DATA SHOWN ->
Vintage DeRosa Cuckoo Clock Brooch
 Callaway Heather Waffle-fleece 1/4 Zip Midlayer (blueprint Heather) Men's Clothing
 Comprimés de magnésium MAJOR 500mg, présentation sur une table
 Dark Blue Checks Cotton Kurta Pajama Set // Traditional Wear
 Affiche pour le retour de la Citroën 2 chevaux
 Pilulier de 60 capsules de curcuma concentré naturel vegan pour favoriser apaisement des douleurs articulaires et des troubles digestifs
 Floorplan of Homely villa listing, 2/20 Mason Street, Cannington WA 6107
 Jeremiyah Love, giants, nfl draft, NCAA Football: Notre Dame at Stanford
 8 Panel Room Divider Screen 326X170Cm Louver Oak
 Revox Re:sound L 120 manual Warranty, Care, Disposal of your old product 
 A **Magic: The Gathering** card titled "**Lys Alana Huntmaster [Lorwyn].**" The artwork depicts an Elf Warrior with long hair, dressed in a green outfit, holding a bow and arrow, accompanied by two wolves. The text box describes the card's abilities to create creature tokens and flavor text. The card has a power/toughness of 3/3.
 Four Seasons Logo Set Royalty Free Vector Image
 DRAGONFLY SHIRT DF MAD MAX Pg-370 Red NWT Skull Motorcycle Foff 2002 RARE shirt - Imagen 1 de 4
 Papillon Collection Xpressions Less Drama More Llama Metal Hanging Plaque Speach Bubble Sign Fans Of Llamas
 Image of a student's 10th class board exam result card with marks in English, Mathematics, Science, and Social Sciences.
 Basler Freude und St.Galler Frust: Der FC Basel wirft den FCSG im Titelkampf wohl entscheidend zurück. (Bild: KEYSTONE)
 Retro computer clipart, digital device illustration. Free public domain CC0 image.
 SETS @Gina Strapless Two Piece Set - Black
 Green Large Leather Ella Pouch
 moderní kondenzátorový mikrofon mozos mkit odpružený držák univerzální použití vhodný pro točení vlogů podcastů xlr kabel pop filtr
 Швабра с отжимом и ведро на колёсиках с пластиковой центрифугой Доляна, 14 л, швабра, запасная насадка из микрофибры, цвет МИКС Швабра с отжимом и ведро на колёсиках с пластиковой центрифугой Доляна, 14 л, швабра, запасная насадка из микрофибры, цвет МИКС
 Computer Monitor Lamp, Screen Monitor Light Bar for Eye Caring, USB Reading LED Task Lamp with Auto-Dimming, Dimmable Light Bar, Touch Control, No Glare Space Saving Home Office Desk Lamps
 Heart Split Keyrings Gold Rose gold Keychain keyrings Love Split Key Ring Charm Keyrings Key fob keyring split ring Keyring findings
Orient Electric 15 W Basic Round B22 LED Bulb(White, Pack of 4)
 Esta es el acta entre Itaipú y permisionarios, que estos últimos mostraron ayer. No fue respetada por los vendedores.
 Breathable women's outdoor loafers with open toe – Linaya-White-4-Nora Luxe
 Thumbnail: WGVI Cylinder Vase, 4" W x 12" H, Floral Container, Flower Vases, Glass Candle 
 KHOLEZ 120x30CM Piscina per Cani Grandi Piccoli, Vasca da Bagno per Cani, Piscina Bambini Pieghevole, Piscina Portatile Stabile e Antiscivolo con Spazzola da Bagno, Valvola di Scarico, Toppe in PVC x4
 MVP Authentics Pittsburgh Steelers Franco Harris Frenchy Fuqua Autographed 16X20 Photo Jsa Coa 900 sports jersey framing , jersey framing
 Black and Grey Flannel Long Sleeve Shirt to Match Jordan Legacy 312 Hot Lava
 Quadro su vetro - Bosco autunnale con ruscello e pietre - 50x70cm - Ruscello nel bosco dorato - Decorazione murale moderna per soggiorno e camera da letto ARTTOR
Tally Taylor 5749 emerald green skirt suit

YOUR INSTRUCTIONS ->
Retype all the material above precisely, with no line left out.

SOLUTION TO THIS EXERCISE ->
Vintage DeRosa Cuckoo Clock Brooch
 Callaway Heather Waffle-fleece 1/4 Zip Midlayer (blueprint Heather) Men's Clothing
 Comprimés de magnésium MAJOR 500mg, présentation sur une table
 Dark Blue Checks Cotton Kurta Pajama Set // Traditional Wear
 Affiche pour le retour de la Citroën 2 chevaux
 Pilulier de 60 capsules de curcuma concentré naturel vegan pour favoriser apaisement des douleurs articulaires et des troubles digestifs
 Floorplan of Homely villa listing, 2/20 Mason Street, Cannington WA 6107
 Jeremiyah Love, giants, nfl draft, NCAA Football: Notre Dame at Stanford
 8 Panel Room Divider Screen 326X170Cm Louver Oak
 Revox Re:sound L 120 manual Warranty, Care, Disposal of your old product 
 A **Magic: The Gathering** card titled "**Lys Alana Huntmaster [Lorwyn].**" The artwork depicts an Elf Warrior with long hair, dressed in a green outfit, holding a bow and arrow, accompanied by two wolves. The text box describes the card's abilities to create creature tokens and flavor text. The card has a power/toughness of 3/3.
 Four Seasons Logo Set Royalty Free Vector Image
 DRAGONFLY SHIRT DF MAD MAX Pg-370 Red NWT Skull Motorcycle Foff 2002 RARE shirt - Imagen 1 de 4
 Papillon Collection Xpressions Less Drama More Llama Metal Hanging Plaque Speach Bubble Sign Fans Of Llamas
 Image of a student's 10th class board exam result card with marks in English, Mathematics, Science, and Social Sciences.
 Basler Freude und St.Galler Frust: Der FC Basel wirft den FCSG im Titelkampf wohl entscheidend zurück. (Bild: KEYSTONE)
 Retro computer clipart, digital device illustration. Free public domain CC0 image.
 SETS @Gina Strapless Two Piece Set - Black
 Green Large Leather Ella Pouch
 moderní kondenzátorový mikrofon mozos mkit odpružený držák univerzální použití vhodný pro točení vlogů podcastů xlr kabel pop filtr
 Швабра с отжимом и ведро на колёсиках с пластиковой центрифугой Доляна, 14 л, швабра, запасная насадка из микрофибры, цвет МИКС Швабра с отжимом и ведро на колёсиках с пластиковой центрифугой Доляна, 14 л, швабра, запасная насадка из микрофибры, цвет МИКС
 Computer Monitor Lamp, Screen Monitor Light Bar for Eye Caring, USB Reading LED Task Lamp with Auto-Dimming, Dimmable Light Bar, Touch Control, No Glare Space Saving Home Office Desk Lamps
 Heart Split Keyrings Gold Rose gold Keychain keyrings Love Split Key Ring Charm Keyrings Key fob keyring split ring Keyring findings
Orient Electric 15 W Basic Round B22 LED Bulb(White, Pack of 4)
 Esta es el acta entre Itaipú y permisionarios, que estos últimos mostraron ayer. No fue respetada por los vendedores.
 Breathable women's outdoor loafers with open toe – Linaya-White-4-Nora Luxe
 Thumbnail: WGVI Cylinder Vase, 4" W x 12" H, Floral Container, Flower Vases, Glass Candle 
 KHOLEZ 120x30CM Piscina per Cani Grandi Piccoli, Vasca da Bagno per Cani, Piscina Bambini Pieghevole, Piscina Portatile Stabile e Antiscivolo con Spazzola da Bagno, Valvola di Scarico, Toppe in PVC x4
 MVP Authentics Pittsburgh Steelers Franco Harris Frenchy Fuqua Autographed 16X20 Photo Jsa Coa 900 sports jersey framing , jersey framing
 Black and Grey Flannel Long Sleeve Shirt to Match Jordan Legacy 312 Hot Lava
 Quadro su vetro - Bosco autunnale con ruscello e pietre - 50x70cm - Ruscello nel bosco dorato - Decorazione murale moderna per soggiorno e camera da letto ARTTOR
Tally Taylor 5749 emerald green skirt suit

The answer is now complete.